M. Laurent Fabius, ministre . Je ne partage pas votre sentiment : je pense que si, à ce moment-là, autour de la France, la Grande-Bretagne – qui n'a pas pu le faire pour les raisons que l'on sait – et les États-Unis d'Amérique étaient intervenus sur la base de ce que l'on a appelé les « lignes rouges », non seulement l'attitude du gouvernement de M. Bachar el-Assad aurait été différente, mais la crédibilité même des interventions occidentales, y compris par rapport à la Russie, aurait été différente. (Applaudissements sur les bancs du groupe SRC.) Je pense qu'à cette époque une erreur a été commise, qui ne dépend pas de la France.

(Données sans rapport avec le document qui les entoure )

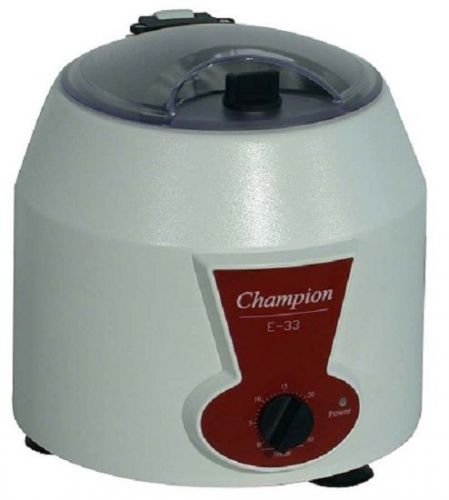 Ample scientific champion e-33 benchtop centrifuge for sale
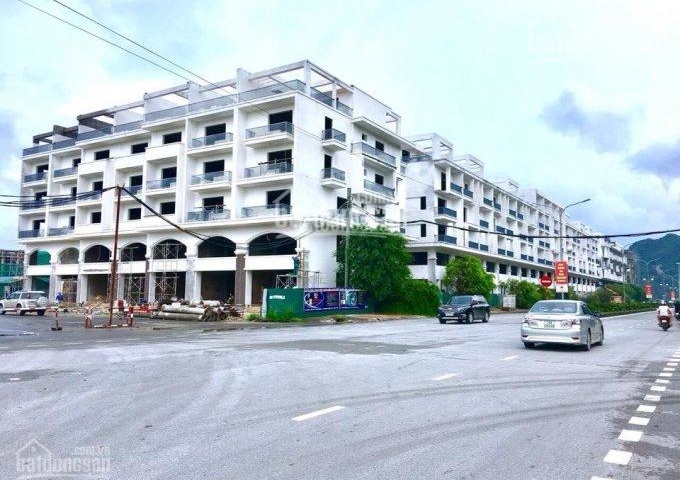 Nhà liền kề giá rẻ nhất dự án Mon Bay Hạ Long, LH 0937121088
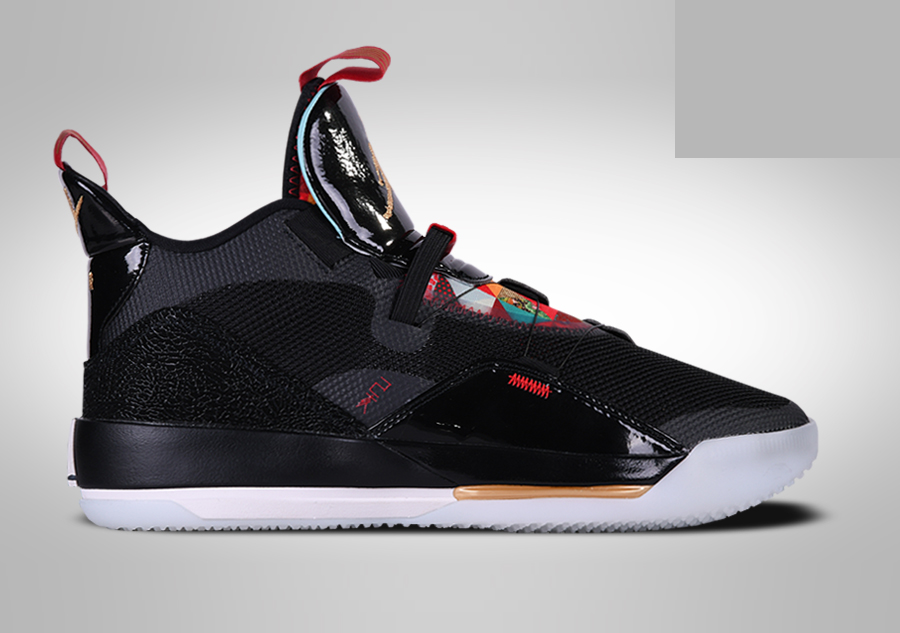 Фото № 1 с приближением к товару «‎Nike Air Jordan 33 Cny »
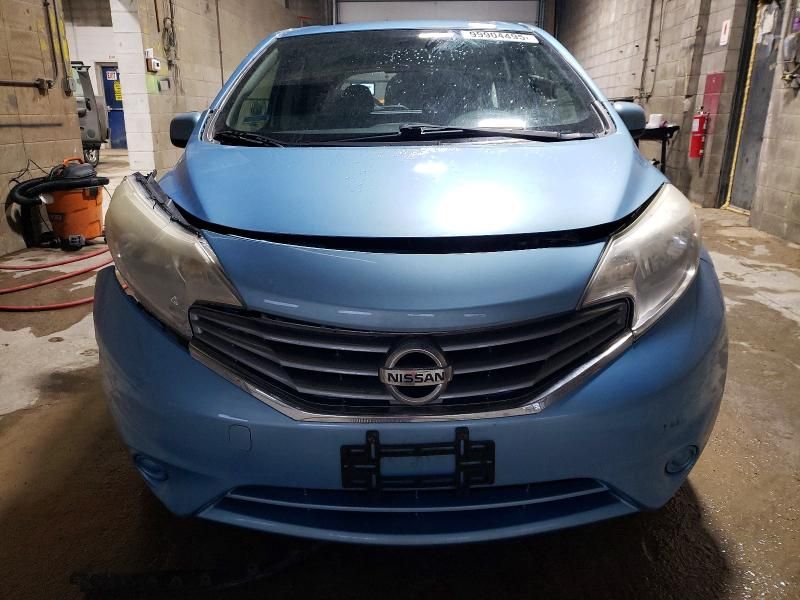 2014 Nissan Versa Note s
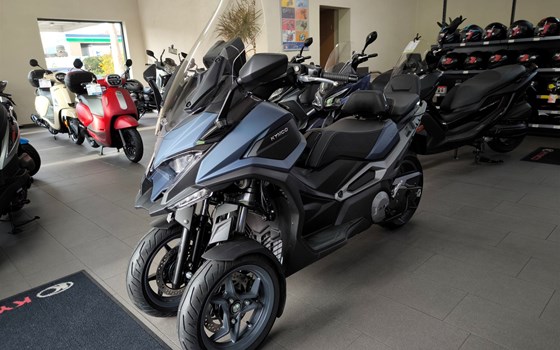 Neufahrzeug Kymco CV3 550i ABS - Bild 2
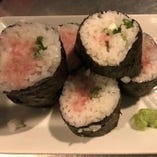 ネギトロ巻き寿司
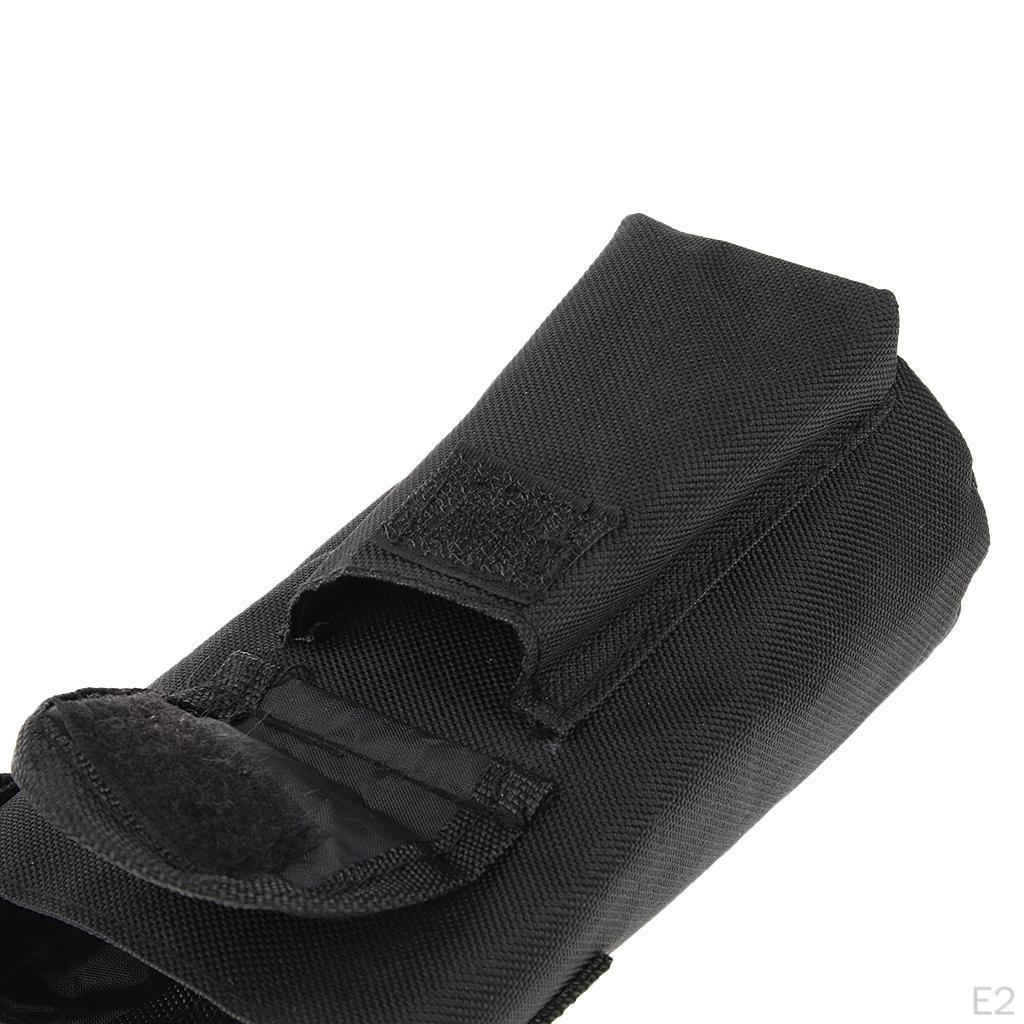 Waterproof Water Bottle Holder Carrier Bag Pouch Sleeve With Pocket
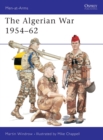 The Algerian War 1954-62 - Book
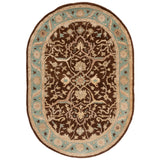 SAFAVIEH Handmade Antiquity Loana Traditional Oriental Wool Rug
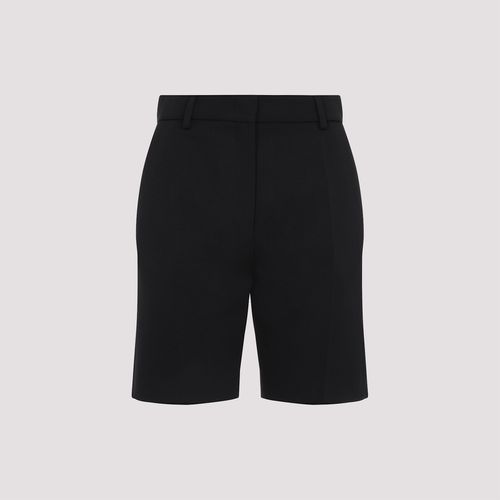 Valentino Creased Effect Shorts - Valentino - Modalova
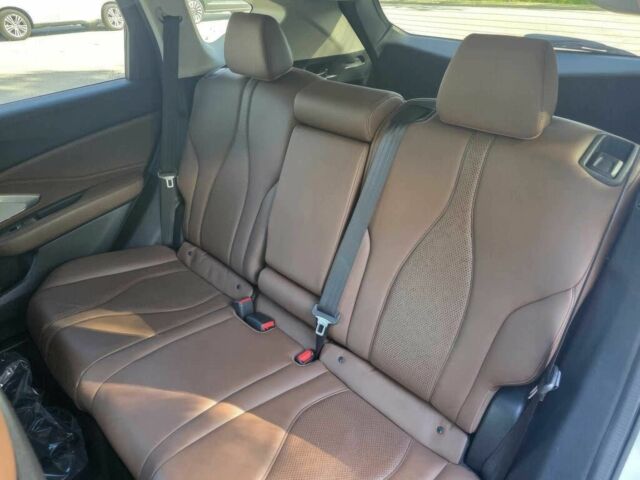 Белый Акура РДХ, объемом двигателя 2 л и пробегом 46 тыс. км за 24200 $, фото 9 на Automoto.ua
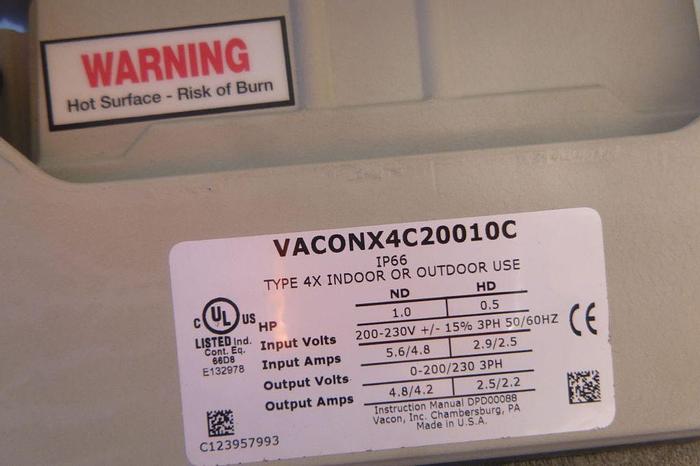 Used Detector, Metal, 7-7/8" X 11", Loma, IQ3, Belt Conveyor #S744127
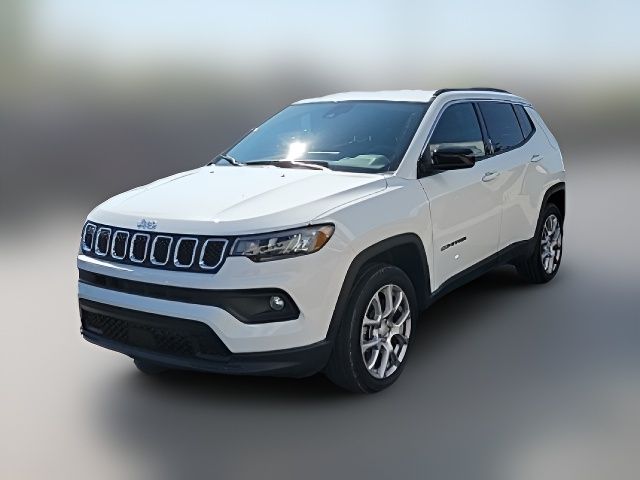 2024 Jeep Compass Latitude Lux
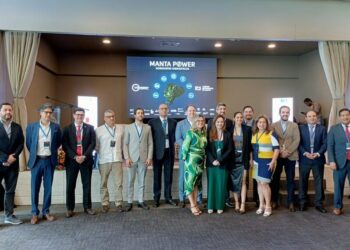 Manta positions itself as an epicenter of energy development in Ecuador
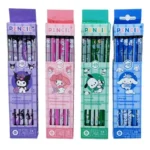 مداد مشکی کرومی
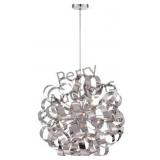 Quoizel Ribbons 12 Light 23' Wide Modern Globe Pen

M. Claude Goasguen. C'est ce que disent les djihadistes !

M. Laurent Fabius, ministre . Pour conclure, monsieur le député – quitte à continuer la conversation avec vous, j'en suis tout à fait d'accord –, on a malheureusement tendance, en France comme dans d'autres pays, parce qu'il y a la crise ukrainienne, parce qu'il y a d'autres crises, à oublier ce qui se passe en Syrie, ce qui est absolument dramatique. Jour après jour, il y a des dizaines et des dizaines de tués. Il va y avoir la parodie de l'élection de Bachar el-Assad : or un homme qui est responsable de la mort de cent cinquante mille personnes ne peut pas être l'avenir de son peuple ! (Applaudissements sur les bancs des groupes SRC, écologiste et RRDP et sur quelques bancs des groupes UMP et UDI.)